The emergency landing zone indicator 150 or button 155 may be presented to a pilot or crew member (e.g., a co-pilot or navigator) of an aircraft according to any one of several conditions. In a first embodiment, the indicator or button may be “always active.” In this embodiment, the indicator 150 or button 155 is always enabled during flight to be activated by the pilot or crew member whenever touched or pressed, so that an emergency landing site algorithm will immediately initiate on processing system 200. In a second embodiment, the indicator or button may only become active and/or be presented to the pilot upon certain conditions during flight of the aircraft. For example, the indicator 150 may only be presented to the pilot on video monitor 110, or button 155 may only become enabled, when processing system 200 determines that the flight-capable range of the aircraft is less than a distance to a base of origin of the aircraft or a planned destination. In some embodiments, the indicator 150 may change color or its presentation (from steady to blinking or vice versa) when the indicator is enabled. In some embodiments, the button 155 may become illuminated when enabled.

When enabled and pressed, indicator 150 or button 155 may initiate execution of an emergency landing site algorithm on processing system 200. The processing system 200 may be configured to receive an emergency landing request as a result of indicator 150 or button 155 being pressed. The request can be in the form of a coded signal or interrupt recognized by an operating system of processing system 200 as a request to initiate the emergency landing site algorithm. The processing system 200 may be further configured to suspend non-critical data processing while executing the emergency landing site algorithm. Upon executing the algorithm processing system may identify at least one candidate emergency non-airfield landing site within a current flight-capable range of the aircraft based at least in part upon landing-zone information and ground-cover information within a region encompassing a pre-planned flight area of the aircraft. The landing-zone information and ground-cover information may be in the form of digital data that is accessible to the processing system. Aspects of identifying one or more emergency landing sites are described in further detail below.

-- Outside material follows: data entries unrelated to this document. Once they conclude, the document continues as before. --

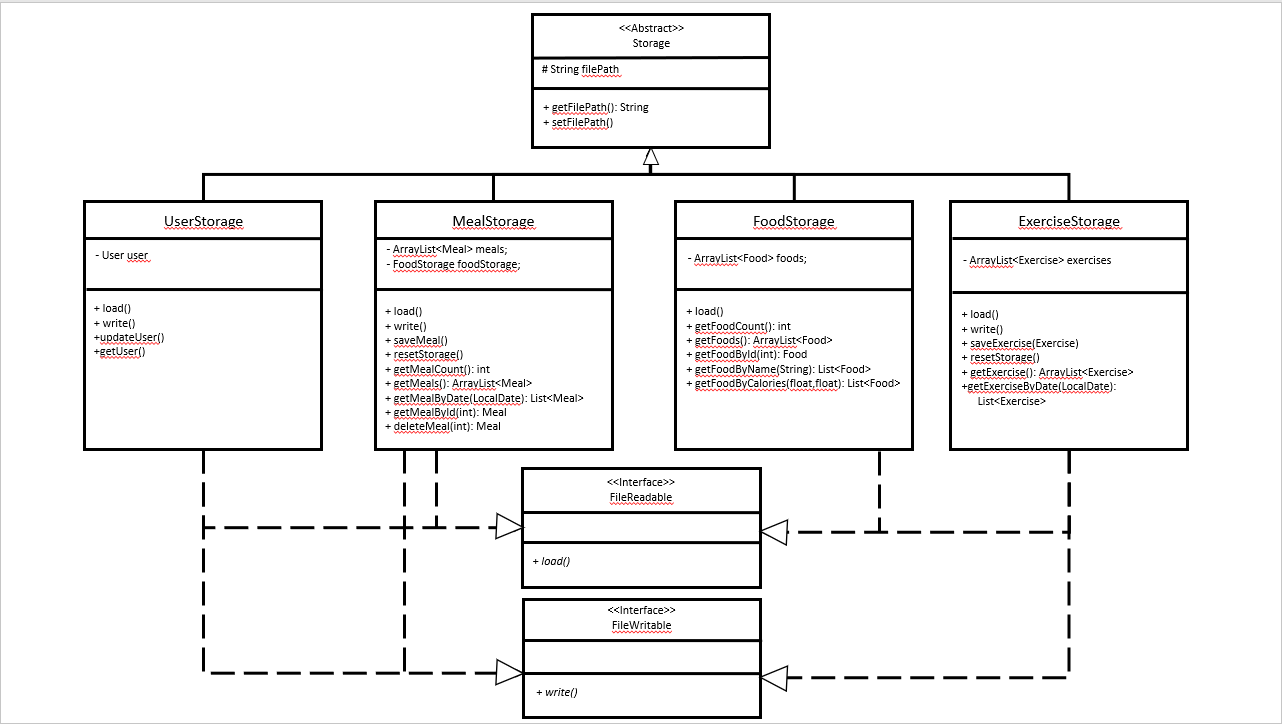 Sequence Diagram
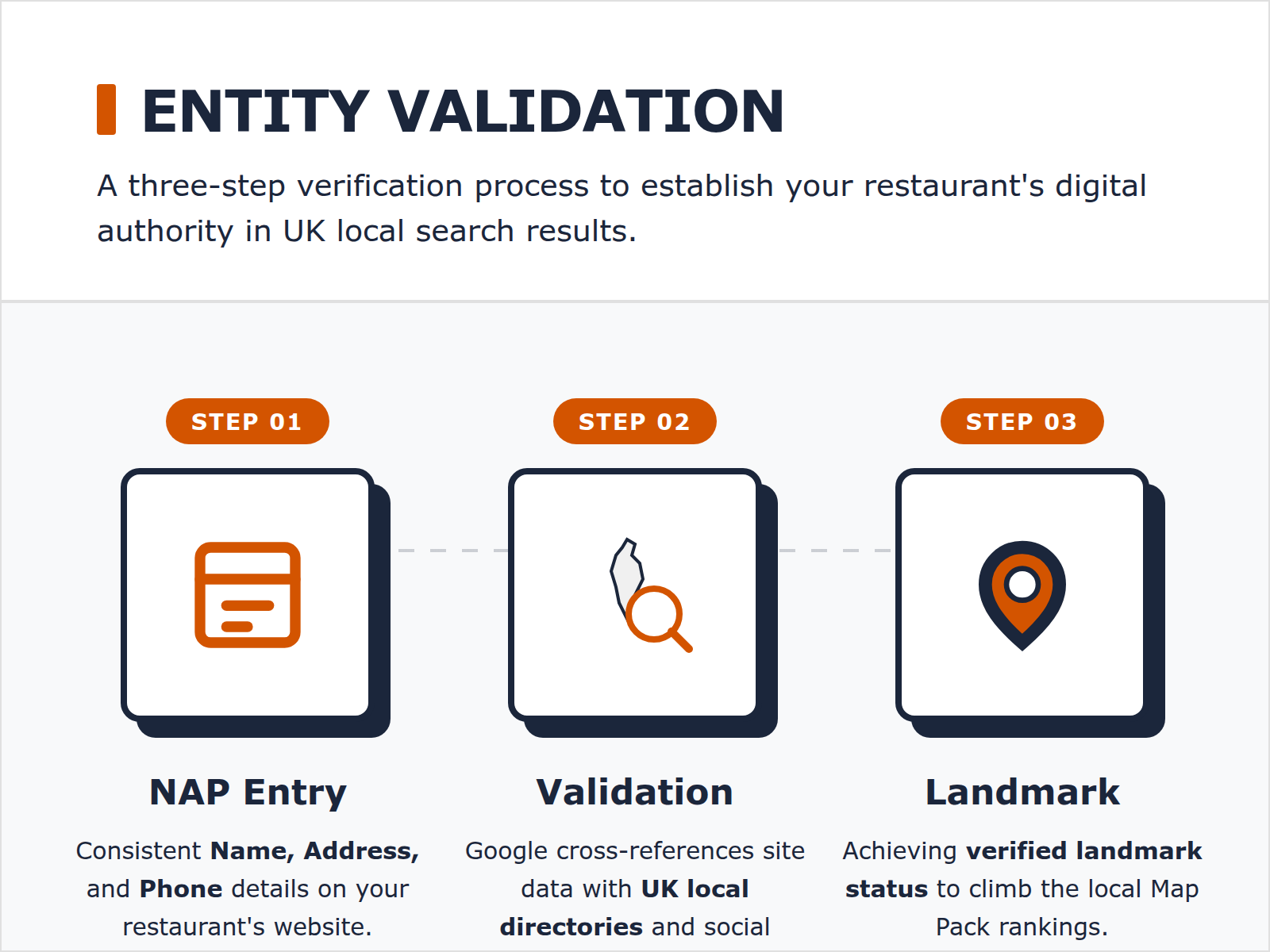 A process diagram illustrating how search engines validate a restaurant's physical existence by cross-referencing Name, Address, and Phone data across the web.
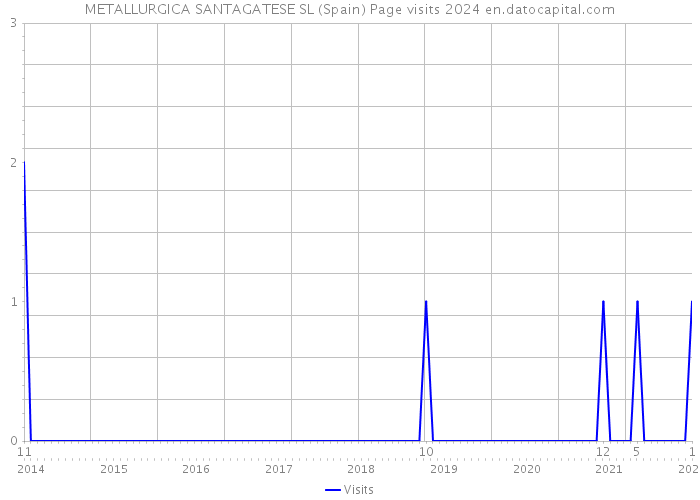METALLURGICA SANTAGATESE SL (Spain) Page visits 2024 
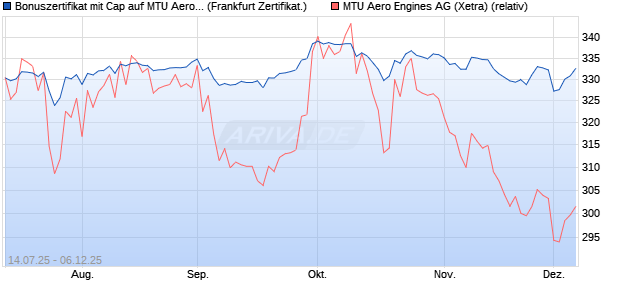 Bonuszertifikat mit Cap auf MTU Aero Engines [DZ BA. (WKN: DU032U) Chart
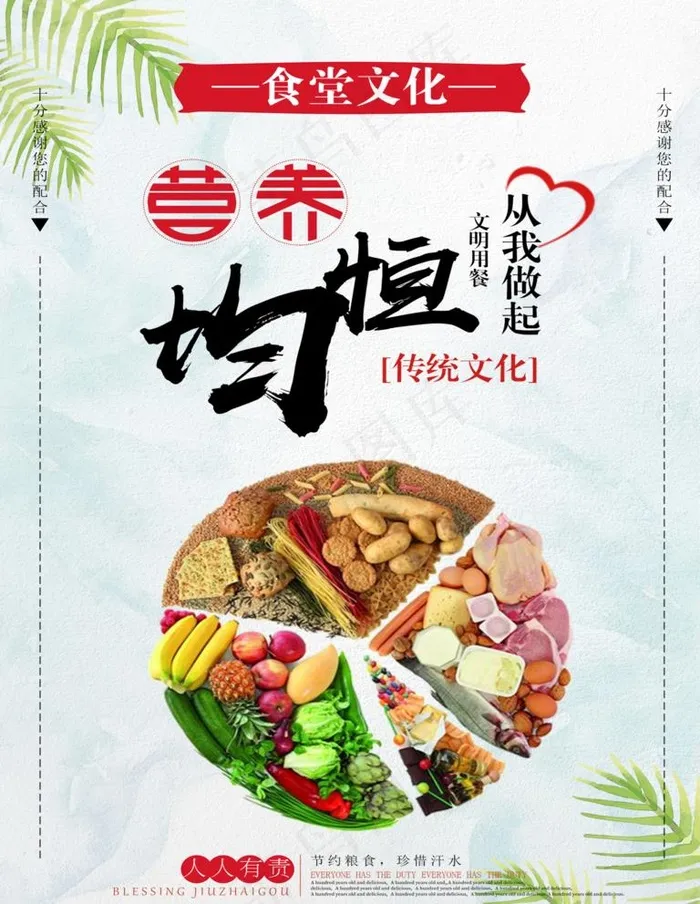 食堂文化 营养均衡图片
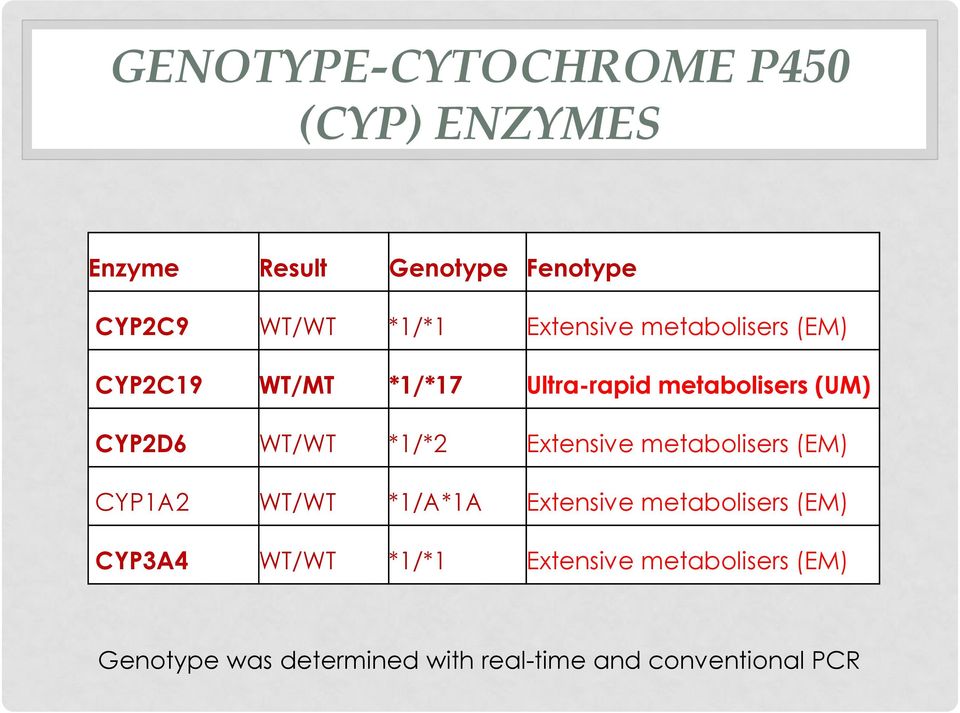 *1/*2 Extensive metabolisers (EM) CYP1A2 WT/WT *1/A*1A Extensive metabolisers (EM) CYP3A4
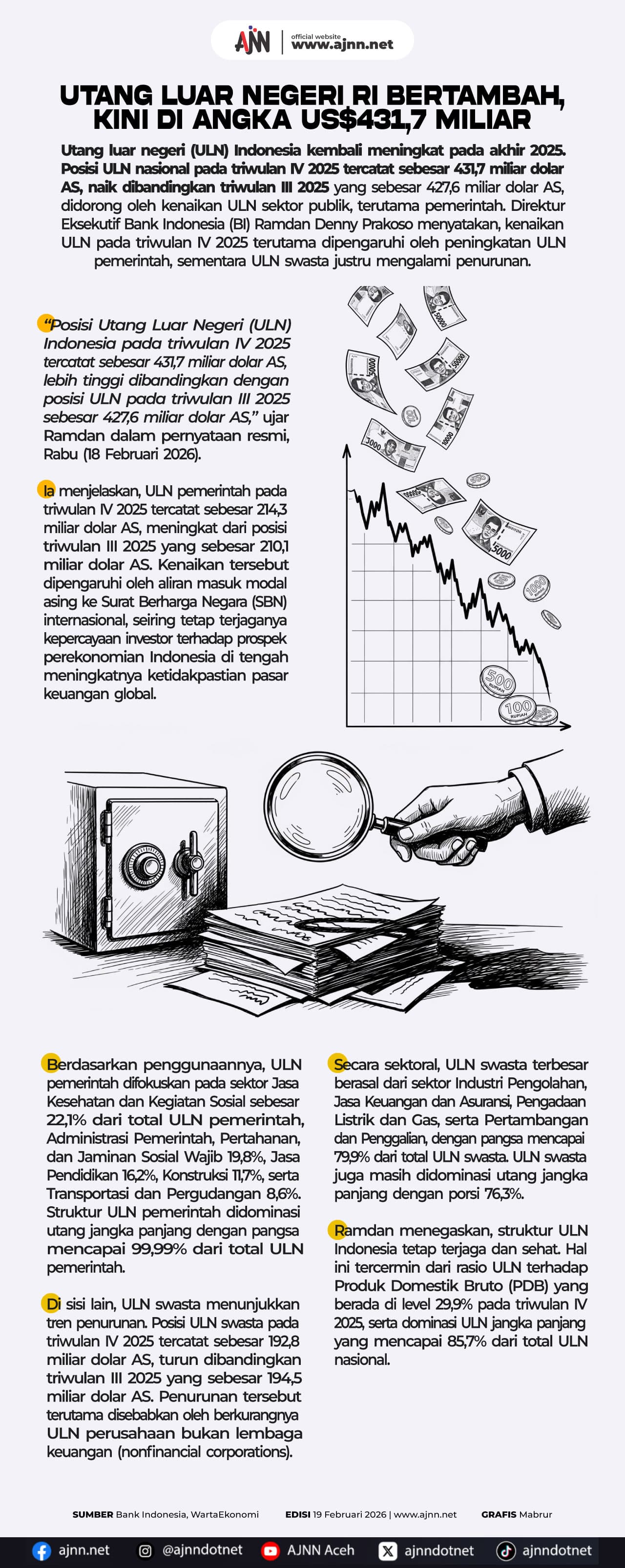Utang Luar Negeri RI Capai US$ 431,7 Miliar, Bagaimana Dampaknya untuk Aceh?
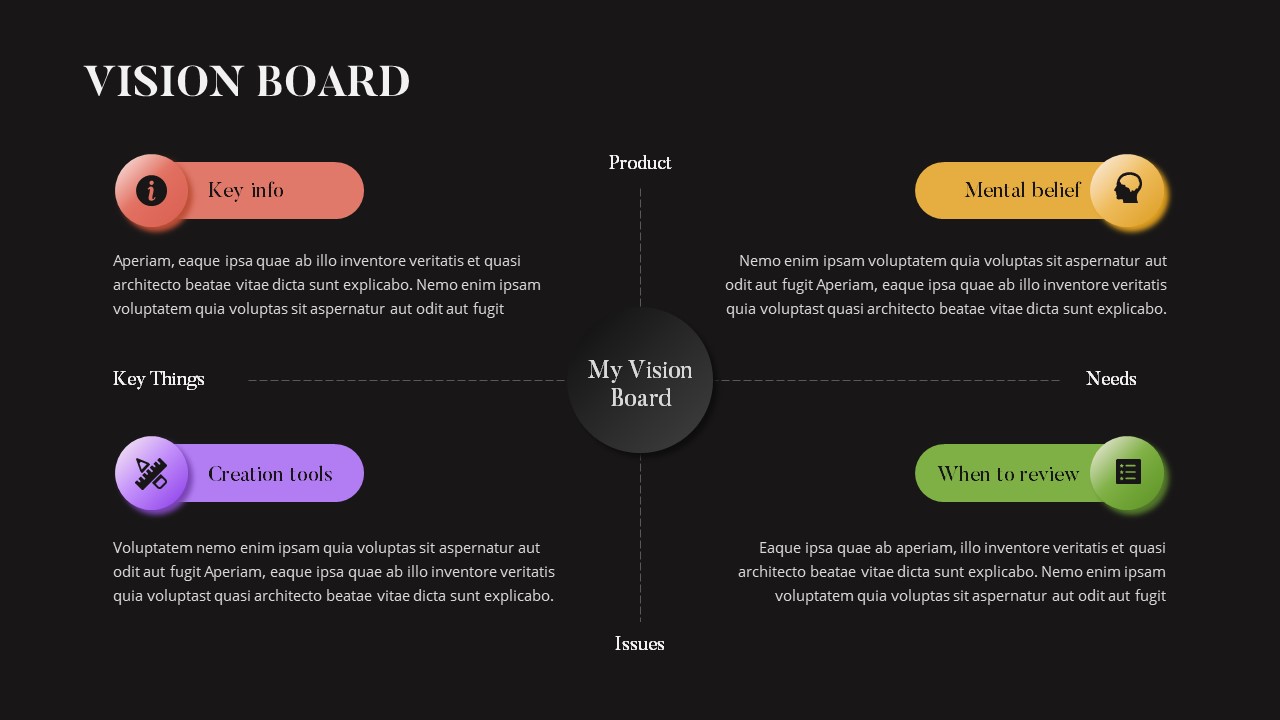 Dark Theme Powerpoint Vision Board Template - SlideKit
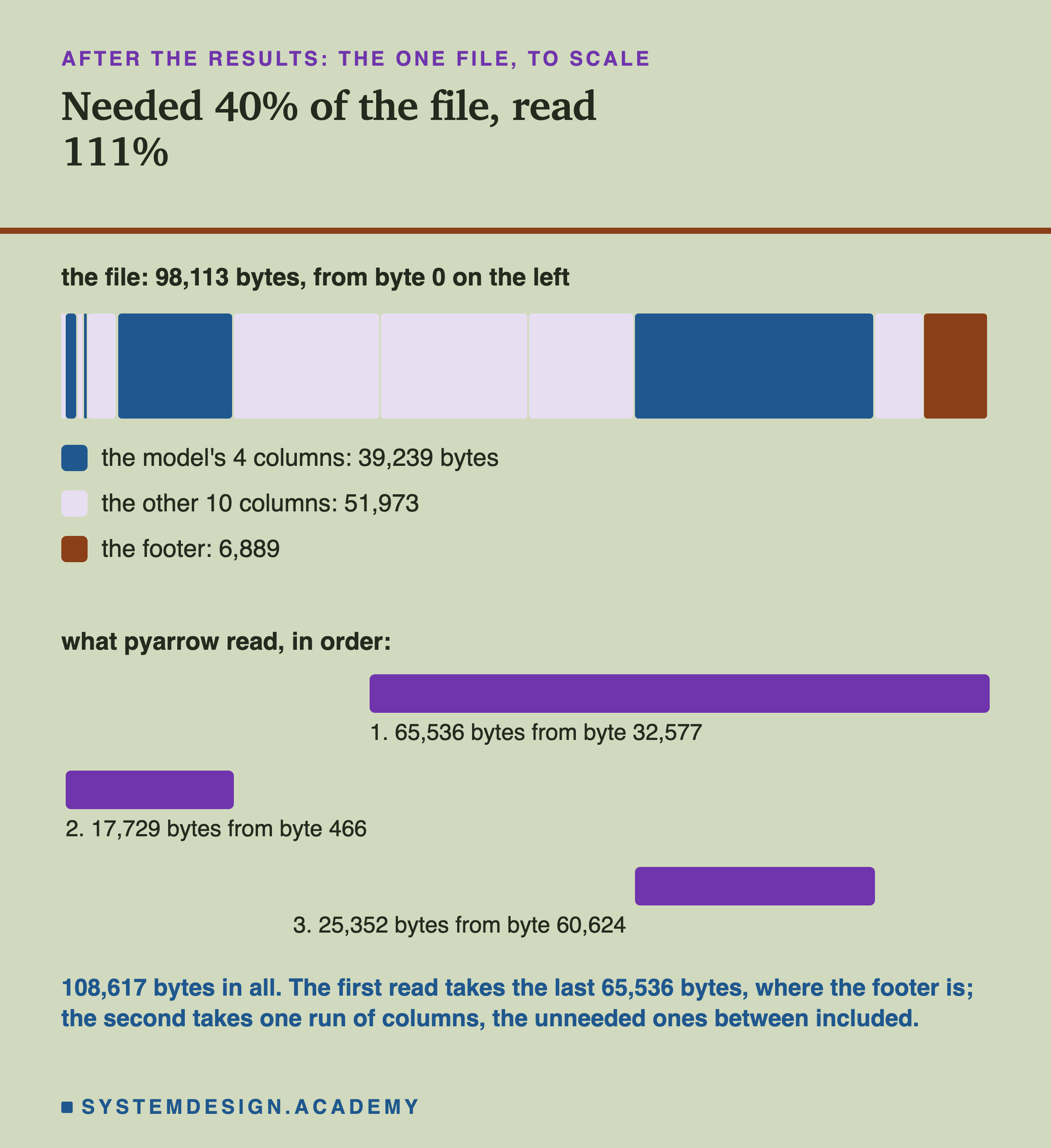 A byte map headed after the results: the one file, to scale, titled needed 40% of the file, read 111%. The file: 98,113 bytes, from byte 0 on the left, drawn as one bar split into 14 column chunks and the footer at the right end. Four chunks are filled in: the model's 4 columns, 39,239 bytes; the other 10 columns, 51,973; the footer, 6,889. Below, what pyarrow read, in order, as bars at their places in the file: 1, 65,536 bytes from byte 32,577, running to the end; 2, 17,729 bytes from byte 466; 3, 25,352 bytes from byte 60,624. Beneath: 108,617 bytes in all; the first read takes the last 65,536 bytes, where the footer is; the second takes one run of columns, the unneeded ones between included.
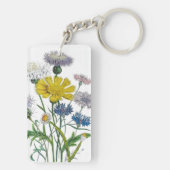Carnaval van bloemen sleutelhanger (achterkant)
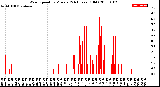 Milwaukee Weather Wind Speed<br>by Minute<br>(24 Hours) (Old)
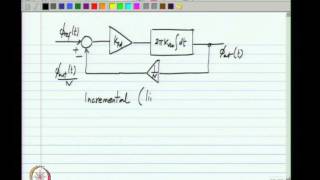 Mod-01 Lec-46 Lecture 46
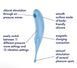 Вібратор для клітора із вакуумною стимуляцією Satisfyer Twirling Pro Blue картинка 5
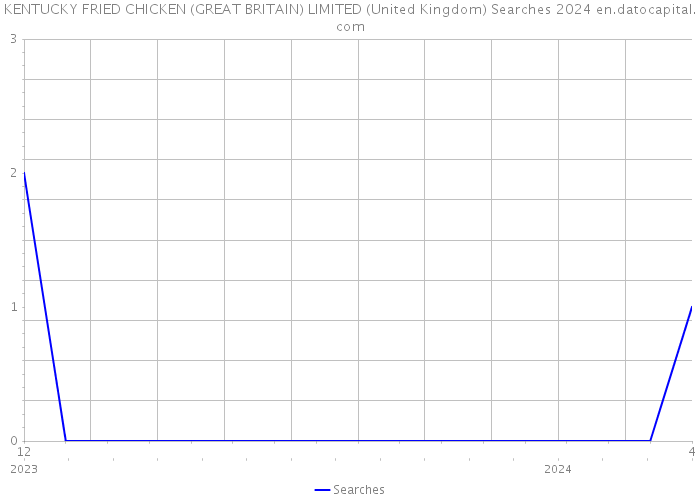 KENTUCKY FRIED CHICKEN (GREAT BRITAIN) LIMITED (United Kingdom) Searches 2024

Referring again to FIGS. 1-2 in further detail, video display 110 may be any type and size of video display or monitor that can depict two-dimensional or three-dimensional images. For example, the video display may be a cathode ray tube (CRT) display, liquid crystal display (LCD), light-emitting diode (LED) display, plasma display panel (PDP), or electroluminescent display (ELD). The video display 110 may be configured for interactive operation of processing system 200. For example, the display may include a touch sensitive screen, so that when a displayed feature (e.g., a displayed button 120 or displayed image 150) on the screen is touched by a user, one or more processing algorithms are initiated by processing system 200 responsive to the feature being touched. The video display may be operably connected to processing system 200 through a video interface 250, or in some embodiments through a wireless interface 260.

The processing system 200 illustrates an example of a computing system on which embodiments of emergency landing site recognition and identification may be implemented. The processing system 200 is only one example of a suitable computing environment and is not intended to suggest any limitation as to the scope of use or functionality of various aspects of the invention, as the embodiments of the invention described herein may be used with any computing system including distributed computing systems. Neither should the processing system 200 be interpreted as having any dependency or requirement relating to any one or combination of components illustrated in the exemplary processing system 200.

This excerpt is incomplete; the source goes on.